Table 3 – Product wise Activity Based Costing
In order to carry out an activity based costing so that we can find the relevant costs associated with each product we do the product wise activity based costing for the individual cost pools (in table 3) which were defined in table 2. Exhibit 4 provides us with the data relating to the monthly production and operating statistics which can be combined with the costs for each cost pool derived in table 2 to give us the individual product wise activity based costing.
Table 4 - Per Unit Activity Based Costing
The data obtained from table 3 enables us to arrive at table 4 which calculates the per unit activity based costing taking into account the total cost for each activity and the number of units produced of each product to get the individual product wise per unit costs. The total cost of each unit will be the sum of the direct costs (direct labor and direct material) and the activity based costs (machine related, setup labor, receiving and production, engineering and shipping costs). This total cost of each product will enable us to calculate the margins that each product provides based on the planned as well as the actual selling prices. This information is provided in table 5 as shown below.
Table 5 - Margin Calculation for Activity Based Costing
With the help of Activity Based Costing, the company can analyze and infer information about its products more accurately and better evaluate the financials and gross margins. In the table 5 margin information and the excel sheet attached we can see that flow controllers appear to be less attractive with negative margins as compared to other 2 products – valves and pumps.
The Company can still decrease the prices of valves and pumps and be comparable to the industry to sustain the market position whereas in case of flow controllers the company is already operating at a negative gross margin and needs to increase the price if the product is to provide sustainable profits.
Shortcomings of Analysis
We have assumed average unit cost for individual flow controllers. Calculations are done for a sample month in terms of capacity utilization. Costs of resources are assumed to be constant over a given time. Administrative expenses are not taken into consideration while performing the calculations.
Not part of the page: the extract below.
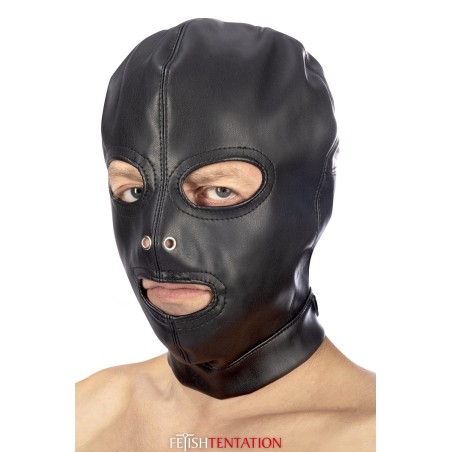Cagoule BDSM 3 ouvertures en simili cuir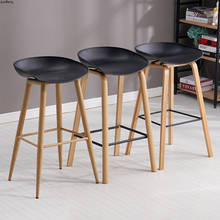 Taburete de Bar nórdico, silla de Bar creativa, moderna, minimalista, elegante, alto, silla delantera de madera maciza 2024 - compra barato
Also, we have not considered that the resources are not being completely utilized and that the production has gone up to using 12000 machine hours, 180 production runs and 400 shipments the previous year without any additional overtime expenses or production delays.
Based on our analysis of the 2 costing methods, we recommend that Wilkerson company move from volume based costing to activity based costing to better analyze the cost figures and health of the company. It will enable the overheads to be attached to the products and activities where they are being consumed and not directly be related to the products on the basis of production run direct labor hours. Also as can be seen from the analysis of the 2 methods the gross margin returns vary wildly in both the cases. The clear indicator of that is the flow controller that the company manufactures. Volume based costing indicates that the product is highly profitable providing a gross margin of 40.95% whereas the activity based costing shows us that flow controllers are not providing any returns and on the contrary it is a loss making product since we are unable to recover even the costs involved.
We recommend the company to review its policy in respect to flow controllers. Wilkerson can work on changing the prices of individual flow controllers in order to secure a healthy profit margin. One way to do this is setting prices in accordance with the amount of resources consumed (activity-based pricing) by individual product or customer. Even if this is cumbersome they should at least review the current prices of the flow controller as they are costing the company more to produce these items than the selling price of the product. Also it was noticed that a price rise of 10% for the flow controllers did not have any effect on the sales of the product and there is sufficient scope to increase the price of the product more.
The company can also consider few actions that might reduce the cost of flow controllers. For instance, change design, eliminate waste of resources and delivery to decrease the cost per unit associated with production runs and number of shipments.